(Exercise instructions)
Skip the pictures and write out, word for word, the lines below from the one with "Jürgen Gosch erfolgreicher" through the one with "A warm salad", inclusive.

(Given records)
# # # #
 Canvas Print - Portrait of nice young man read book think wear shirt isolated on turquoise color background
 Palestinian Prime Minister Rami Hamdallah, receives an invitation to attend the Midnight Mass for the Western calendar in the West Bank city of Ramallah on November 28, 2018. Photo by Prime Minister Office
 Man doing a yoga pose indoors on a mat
# # # #
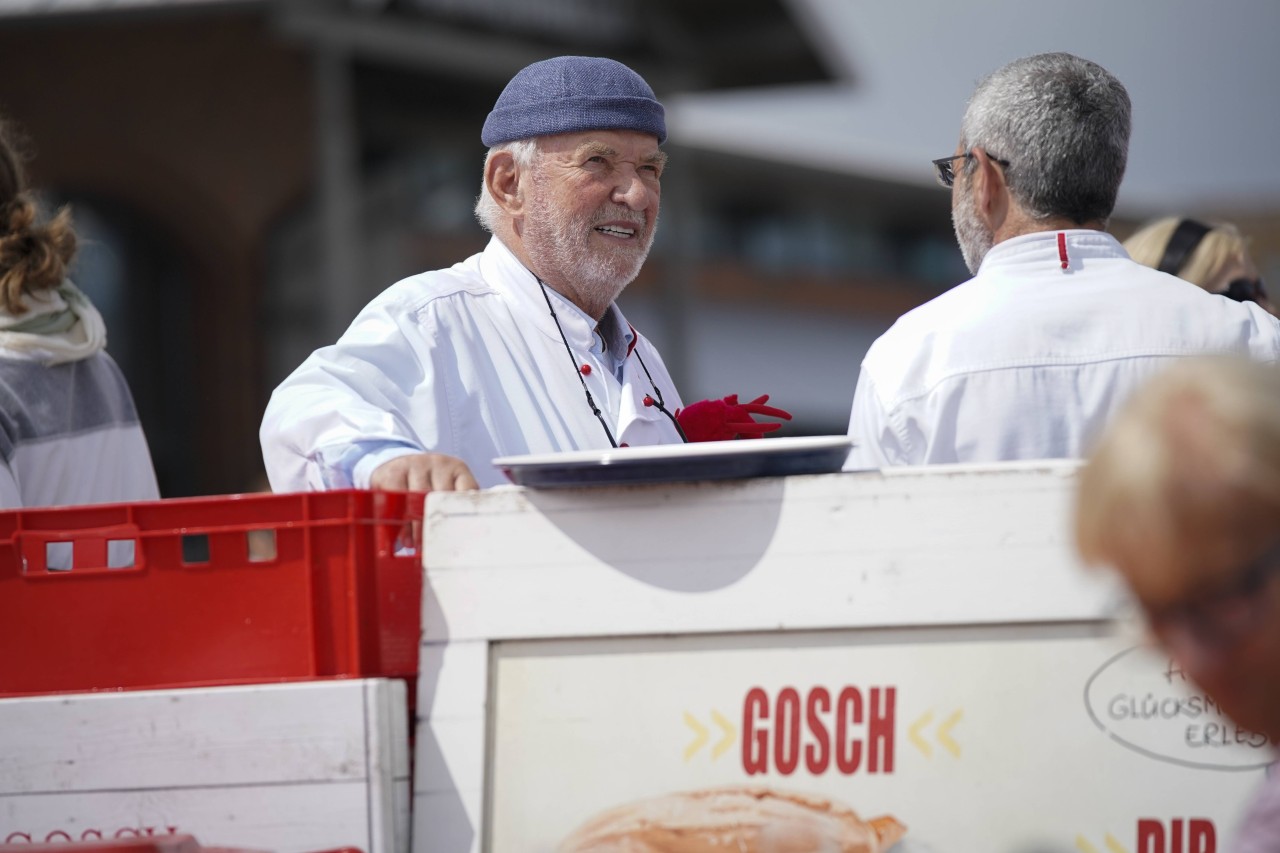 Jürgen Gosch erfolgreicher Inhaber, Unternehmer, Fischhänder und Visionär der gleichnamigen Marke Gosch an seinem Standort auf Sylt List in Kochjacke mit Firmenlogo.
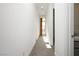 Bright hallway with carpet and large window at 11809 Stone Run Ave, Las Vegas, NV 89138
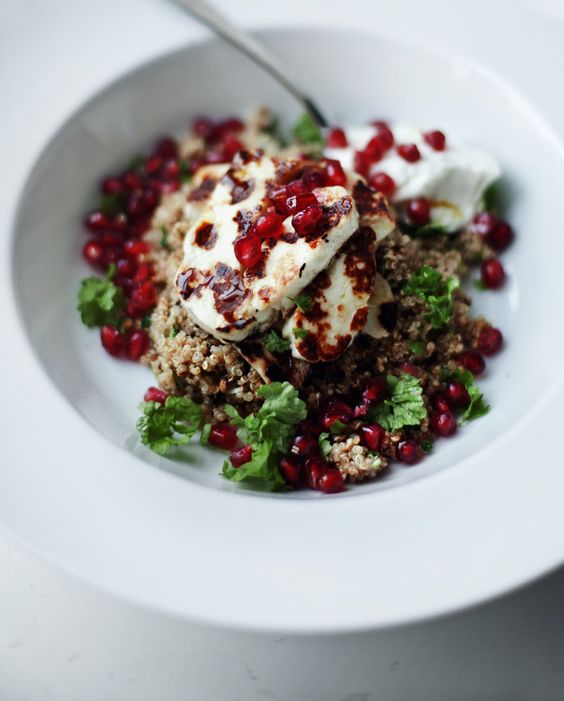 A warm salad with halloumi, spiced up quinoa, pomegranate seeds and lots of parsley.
# # # #
(Solution for this exercise)
 Jürgen Gosch erfolgreicher Inhaber, Unternehmer, Fischhänder und Visionär der gleichnamigen Marke Gosch an seinem Standort auf Sylt List in Kochjacke mit Firmenlogo.
 Bright hallway with carpet and large window at 11809 Stone Run Ave, Las Vegas, NV 89138
 A warm salad with halloumi, spiced up quinoa, pomegranate seeds and lots of parsley.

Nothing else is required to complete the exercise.